Jan. 15 (UPI) -- Fuel prices in service stations across the United States as of mid-January were on average just a penny higher at $2.25 per gallon, ending consecutive weekly price declines that had occurred since October.
As of January 14, fuel pumps charged on average 1 cent more after crude oil prices gained during the past week, "which is starting to push up pump prices," said Jeanette Casselano, AAA spokesperson.
Yet, prices were kept nearly flat thanks to ample gasoline inventories in most areas, the drivers' organization added.
"Last week saw not only more expensive crude oil, but a sizeable build in U.S. gasoline stocks and a small increase in demand. Overall demand has been low lately, contributing to the growth in stocks and helping to keep gas prices lower despite increasing crude prices," the AAA said.
Average gasoline prices were lower month-over-month at a 14-cent decline and a year-over-year drop of 28 cents.
In the Great Lakes and Central regions, price gains were led by increases in Ohio and Indiana, both 8 cents per gallon higher on the week. "With these increases, many states' averages have surpassed the $2 per gallon mark," the AAA said.
The Great Lakes and Central region price increases occurred despite a gasoline inventory build, "adding a staggering 2.7 million barrels," and with a total of 57 million barrels that is a 4 million barrel year-over-year surplus.
As for the Rockies, most states there saw some of the biggest changes in fuel prices in the country.

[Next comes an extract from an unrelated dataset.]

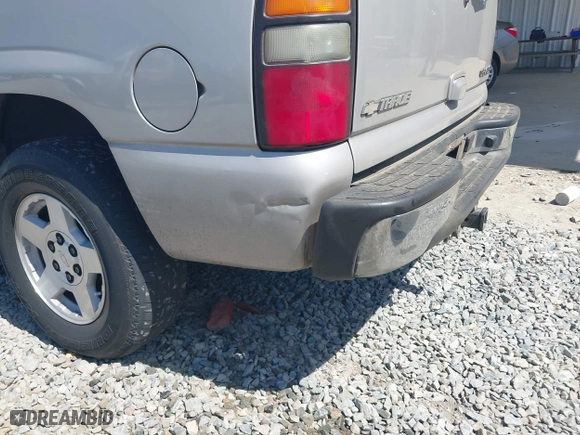 2004 Chevrolet Tahoe LT with VIN 1GNEC13Z34J304556, listed as a IAAI auction lot 41911229 with 275,494 mi miles. Bid and sale history available at carsss.com. Image 6.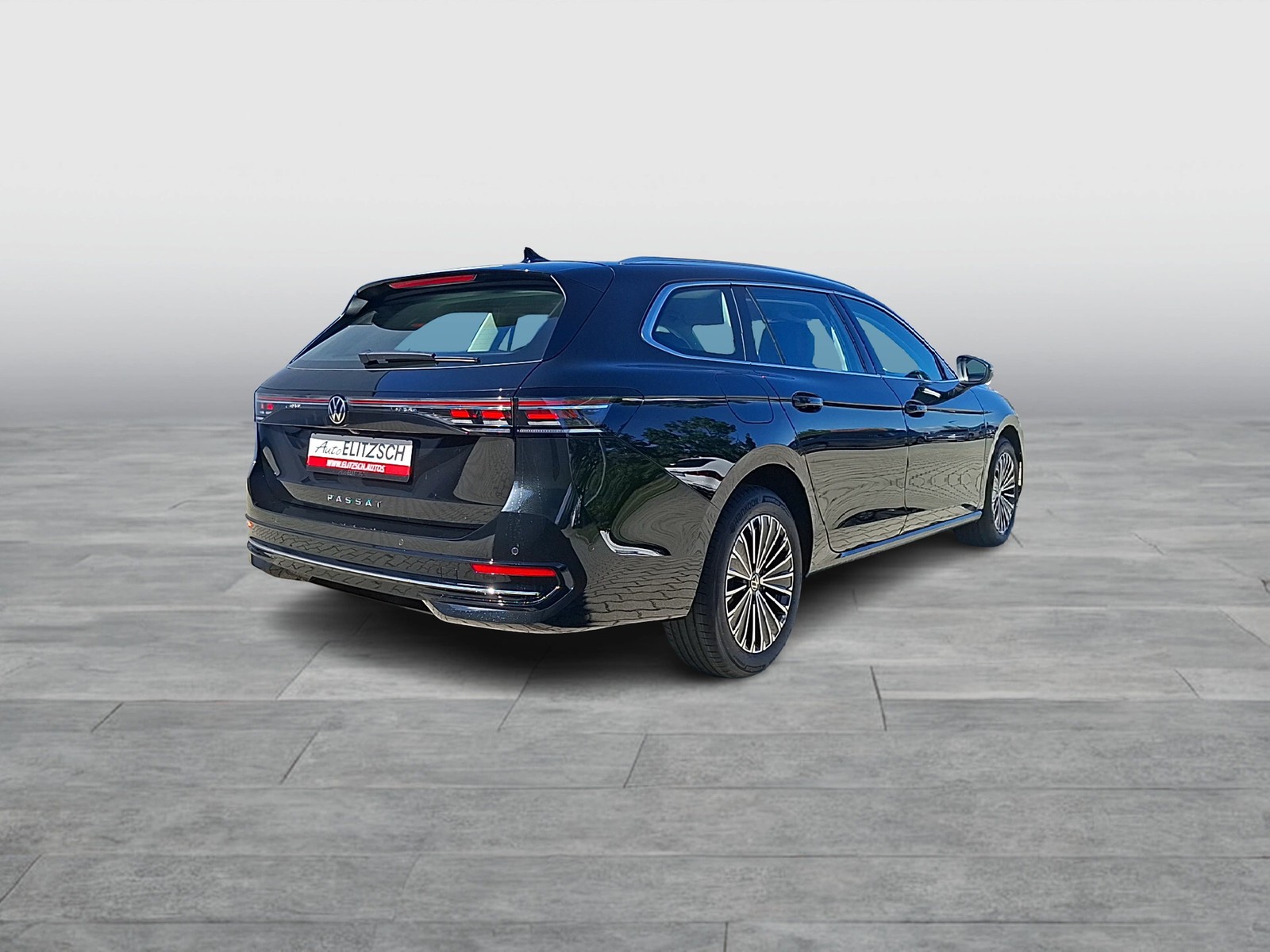 Fahrzeugabbildung Volkswagen Passat Variant TDI Elegance DSG Matrix AHK Navi HUD AID ACC RFK SH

Wyoming, with an average 8 cents per gallon decline, saw the biggest change there.
Gasoline prices in the Rockies, about 40 cents less than a month ago, are on the decline as regional refinery utilization is at its highest in weeks. Inventories added 242,000 barrels during the week and are expected to continue to increase throughout the winter, the AAA said.
In the South and Southeast, gasoline prices fluctuated "with increases and decreases as much as four cents on the week."
"The majority of states continue to carry the cheapest gas prices in the country," the statement said. Arkansas, at $1.90 per gallon has the lowest price. The region saw a small build in inventories.
In the Mid-Atlantic and Northeast fuel prices saw "small jumps and decreases," amid low demand and a continued gasoline inventory buildup. Delaware saw a 4 cent per gallon price increase.
In the West Coast, where fuel prices are consistently among the highest in the nation, all state averages moved lower in the week, led by Alaska with a decline of 8 cents per gallon.
California, which has stricter pollution control standards, is the nation's most expensive market with a gallon there costing $3.28.
West Coast prices declined as gasoline stocks surged by 2.4 million barrels, "the largest one-week build in nearly 26 years."
Fuel sold in service stations across most of the United States is a combination of either RBOB, Reformulate Gasoline Blendstock for Oxygenate Blending, or CBOB, Conventional Blendstock for Oxygenate Blending. Some states use RBOB and others CBOB. California mandates a special formula named CARBOB.
These blendstock products are all naphtha obtained from crude oil. The naphtha is in most cases later mixed with about 10 percent ethanol, which is an oxygenate added so that the ending emission is cleaner.
RBOB gasoline futures for February delivery were quoted Tuesday morning at $1.39 per gallon. This compares with $1.34 per gallon on January 8 for February delivery.
Ethanol, which is alcohol that in the United States is mostly derived from corn, was quoted early Tuesday at $1.29 for February delivery, slightly higher than $1.28 per gallon for February delivery a week earlier.